21 edenland { 08.07.14 at 11:00 pm }

Oh MEL. I’m so sad, because now your experience of reading that book is ruined even if you get it back. I wish I was standing next you you when she said no. I would’ve grabbed the book and said SEE YA and walked on out and if she came running out I’d say whaddya gonna do, arrest me? Life is hard enough without not being able to finish books. And you could totally have blamed me for book-stealing craziness.

Fuck rules.

I like what you said about how you were not ok when you started the post but were ok when you finished it. That’s exactly why I keep blogging.

xxxxx #downwithsnakes

22 Prairie { 08.08.14 at 12:08 am }

If it’s a book worth finishing I will often pay the late fees & finish reading. Cheaper than buying the book.
Sorry you’re having a rough go of things.

23 Pepper { 08.08.14 at 6:48 am }

This makes me sad. I’m glad you are feeling better, but I agree that if we were just a little more kind, we would all be much better. Navigating the world with a toddler and a newborn has reinforced this for me over and over lately. The kind woman already juggling 3 kids herself who pauses to hold the door for my stroller? I. Love. You. I don’t even know if she remembers she is the same woman who told me how beautiful my daughters are at the market last week, but I appreciate her. And I’m disappointed in your librarian.

24 Katherine A { 08.08.14 at 7:22 am }

I’m sorry it’s been a snakey week for you. Those are awful. I wish the librarian had been kinder to you. Thinking of you.

25 Tara { 08.08.14 at 11:36 am }

I just want to say that I really, really relate to this post. Sometimes all you need is someone to just be kind.

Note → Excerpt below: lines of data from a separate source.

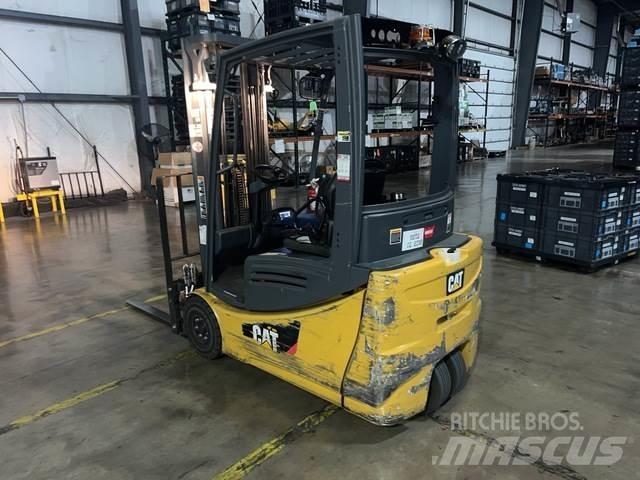 CAT 2ET3000 Elektrische heftrucks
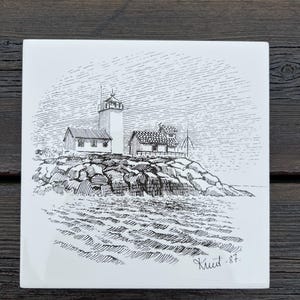 Art Tile van Knut Hunkilen, Limited Edition, Porsgrund Porcelain Factory, Langesund Lighthouse, Porsgrunn Telemark Norway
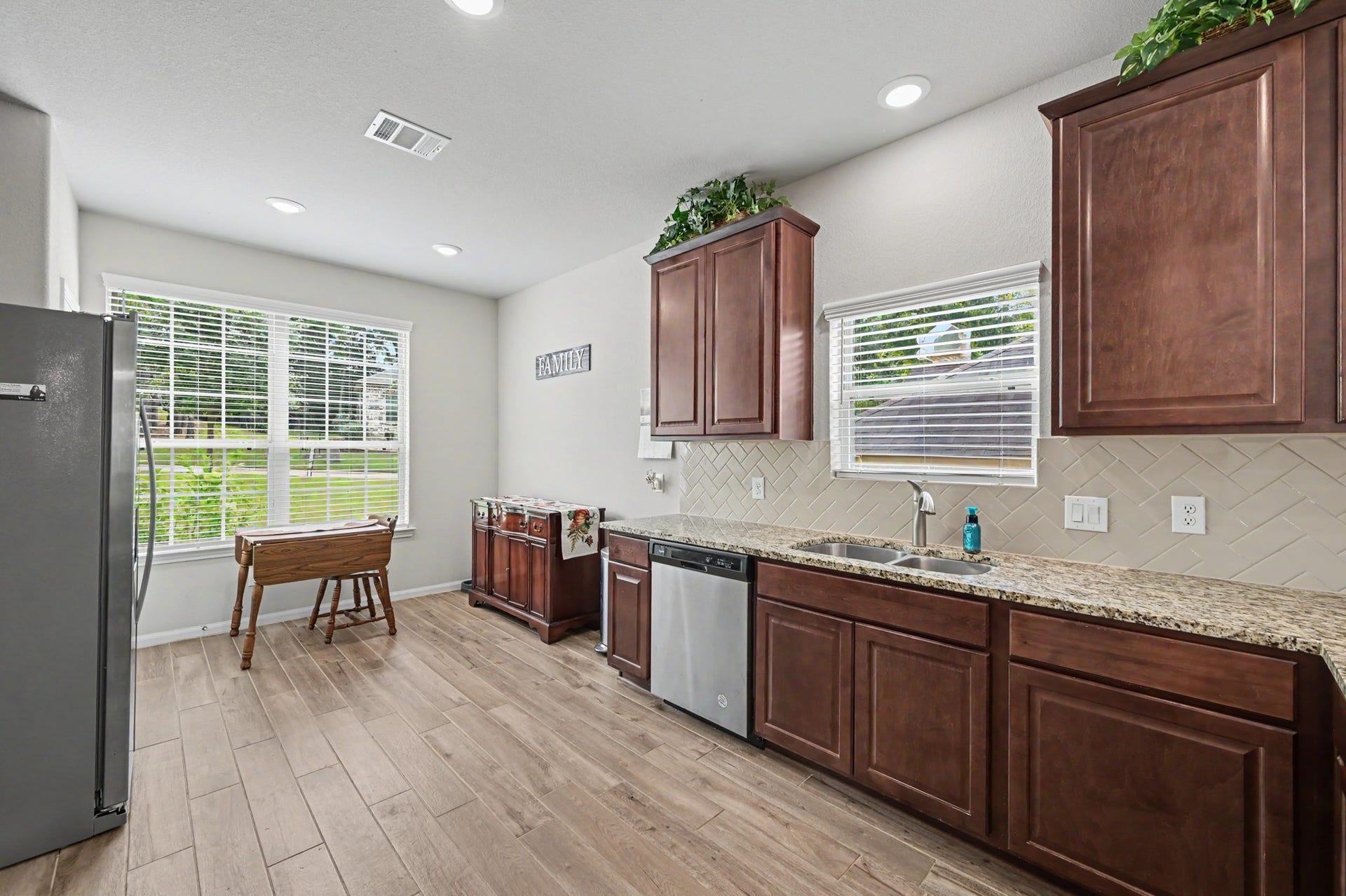 13718 Vail Drive, Montgomery, TX 77356 13718 Vail Drive, Montgomery, TX 77356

Also a good reminder to all of us to make the effort to be kind, as it can make such a difference in someone’s world.

26 Ann Z { 08.08.14 at 11:36 am }

I’m sorry that your library trip wasn’t good and what you needed. But I’m glad you didn’t go back to say anything. Maybe she was having a snakey week, too (maybe she’d gotten yelled at for over-riding too many due dates). In any case, not going back and saying those thing to her was doing her a kindness. Thank you.

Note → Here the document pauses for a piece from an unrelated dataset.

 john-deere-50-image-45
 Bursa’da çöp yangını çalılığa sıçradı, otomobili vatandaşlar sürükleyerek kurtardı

And when I was in library school, I wracked up the biggest library over due fees, all for titles like “Library Collections Management.”

27 Shawn Motley (Motleymommy) { 08.08.14 at 11:42 am }

I can relate. Im glad writing this made you feel better, I would have given you the days for all the reasons you wanted to tell her. On a side note, a friend of mine started a cool kids t-shirt business and their first shirt says “Kind is the new cool” . I thought that might make you smile.

Have a good day!

28 It Is What It Is { 08.19.14 at 6:55 pm }

I think that, generally, there is not enough kindness or courtesy going on in the world. This post resonated with me in terms of what I can do, daily, in the sometimes smallest of ways, to be kind and courteous to my fellow human beings. Whether that means letting someone merge or asking if I can get something off a high shelf at the grocery or even picking up the tab of the folks behind me at the drive thru, being kind is so important.

29 magpie { 08.28.14 at 10:36 am }

Here’s a question. I borrowed a library book on my kindle app. The app is on my (old) ipad, which doesn’t have cell service – and I was traveling places that didn’t have wifi. So I kept the ipad on airplane mode – and even though I got an email, on another device, that the library loan was about to expire, it actually didn’t expire – or the book didn’t up and disappear – because my ipad wasn’t talking to the mothership. So, was that wrong of me? Should I have tried to connect to wifi in the middle of nowhere just to return the book (which I hadn’t yet finished)? Did I deprive someone else the ability to check out the book? Is conundrum.

It’s better when people are courteous, and I wish that librarian had been nicer to you.